The enactment of House Bill 4145, West Virginia’s Permitless Carry legislation, represents an unprecedented expansion of rights for law-abiding West Virginians. It is also unprecedented in its path to eventual enactment. House Bill 4145 overwhelmingly passed both chambers of the Legislature on February 24, 2016. Governor Tomblin then waited the full constitutionally permitted time-period before he vetoed the legislation on March 3, 2016. Two days later, on March 5, 2016, the West Virginia Senate concurred with the House’s veto override vote the previous day and reaffirmed their support of HB 4145. After this significant victory for law-abiding, responsible gun owners in West Virginia, everyone’s immediate attention turned to deciphering when HB 4145 would go into effect.
Given its path to eventual legislative approval—notwithstanding the objections of the Governor—there was considerable confusion as to when the “in effect 90 days from passage” would begin to toll.

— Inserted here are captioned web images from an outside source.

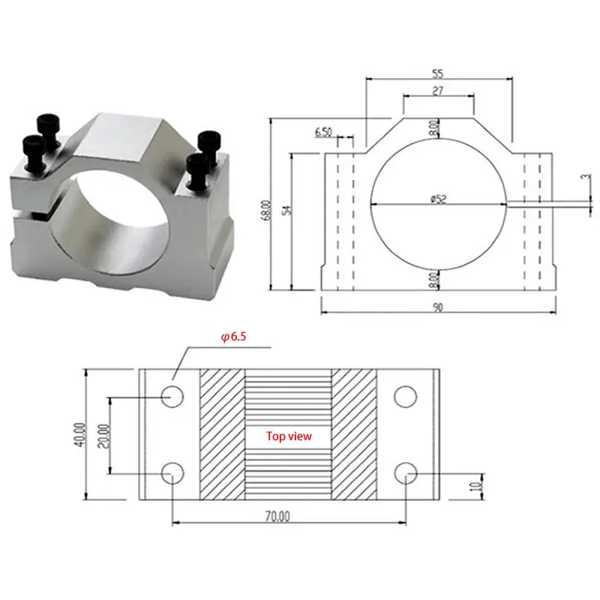 ブラケット付きCNCスピンドルモーターキット 供給 空気冷却小型モーター 直径300w 52mm er11 er16チャック 48v dc 0.3kw｜filotokyo｜06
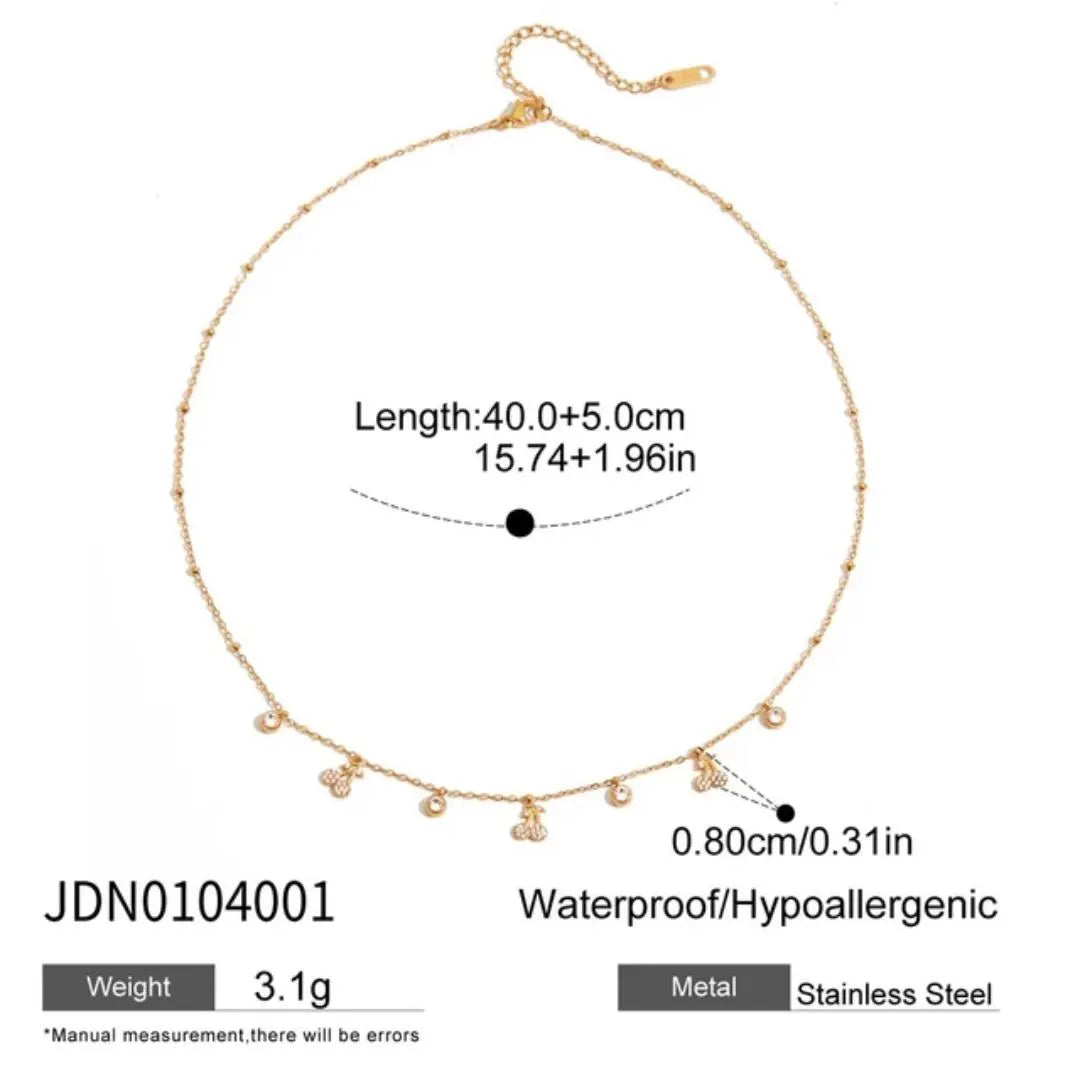 18k Gold Plated Cherry Charm Necklace with Zircon Drops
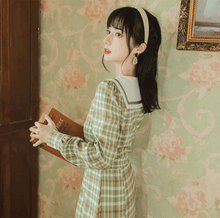 画像をギャラリービューアに読み込む, セーラーカラー グリーンチェックワンピース
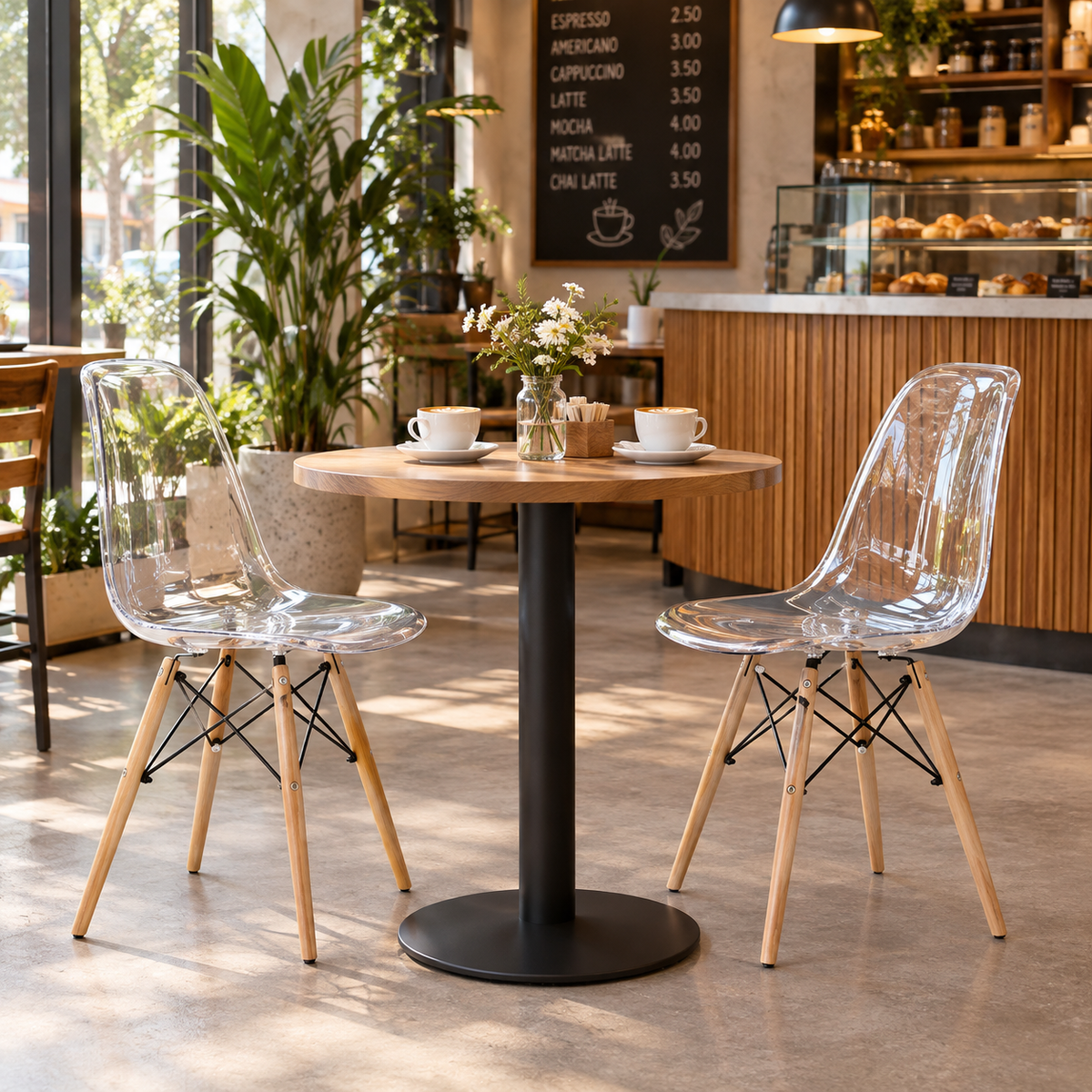SILLA DISEÑO EAMES TRANSPARENTE SET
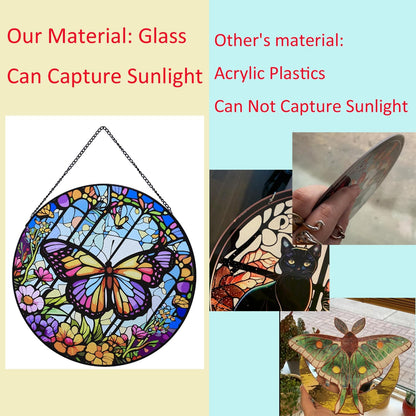 Butterfly Hanging Stained Glass for Windows,20cm/7.87inch Hand-Painted Sun Catcher Garden Hangings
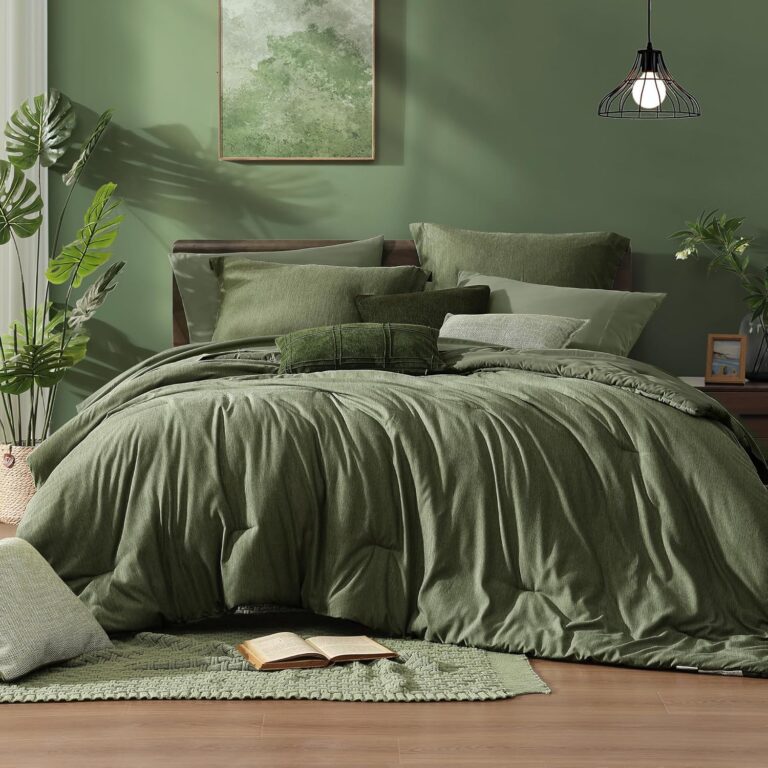 Forest Green Heathered Comforter Set - Reversible & Breathable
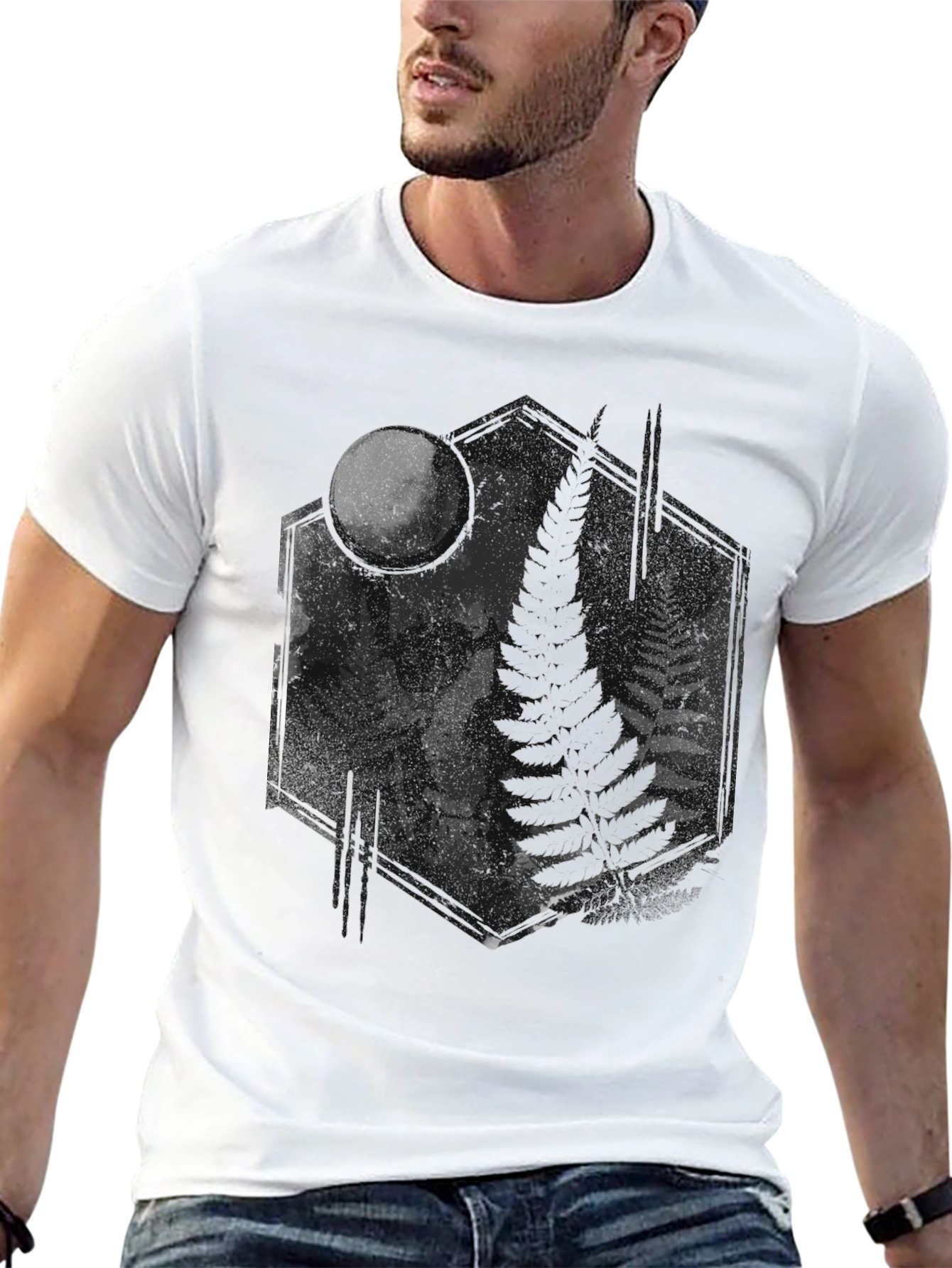 Dark Moon Skull Fern Graphic Tee - Black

Today, Attorney General Patrick Morrisey put all of that confusion to rest. In a statement released today, Attorney General Morrisey wrote, “[the June 5, 2016 effective date] was intended to be conservative and avoid any improper prosecution of gun owners. We are now accelerating the date based upon a thoroughly researched interpretation and letting everyone know when this law should be enforced. That date is May 24th. Citizens should not worry about the potential gap in dates of interpretation because this is how my office will enforce the law. We will make that clear to all the county offices.”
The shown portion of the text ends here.